"Tax and tax, spend and spend, elect and elect!"
If We Only Spent All the Money, Then Everyone Would Be Prosperous!
On the front of today's New York Times business section is a remarkable—or should I say remarkably unremarkable—news article whose entire premise, unchallenged in the course of 1,341 words and input from 10 sources, is that more government spending is a very good thing because it leads to more government jobs and therefore helps the economy. Hooray! (...)
Credit where it's due: As government-spending euphemisms go, "preserving the wow factor" is surely in the Top 20...
I have only four questions for the NYT and those who agree with its premise that the more government spends, the more prosperous we are:
1) Why were states not measurably more prosperous after increasing government spending by more than 80 percent in real terms between 2003 and 2007?

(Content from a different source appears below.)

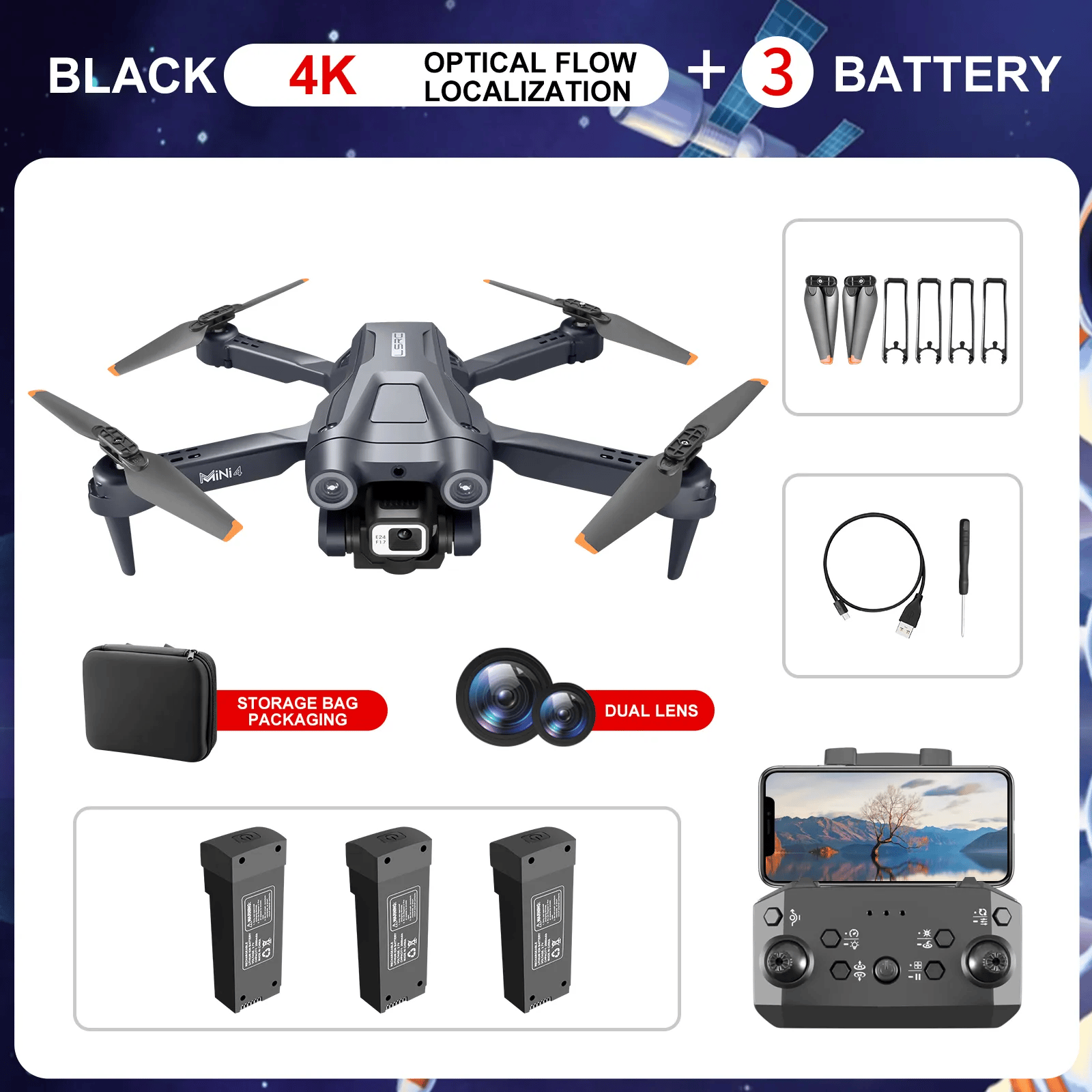 4K drone professional HD6K ESC camera WIFI FPV optical flow positioning obstacle avoidance four-axis foldable RC helicopter toys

2) Between the time of Bill Clinton's last submitted budget of $1.8 trillion, and Barack Obama's first submitted budget of $3.6 trillion, did the average American become more or less prosperous?
3) The United States after World War II, Canada in the 1990s, and Australia in the 1980s all became significantly more prosperous—despite ample warnings to the contrary—after cutting, not increasing, government spending. Wha' happen?
4) Is there a ceiling on what percentage of GDP the government should account for, and if so why should there be one, and where should it be?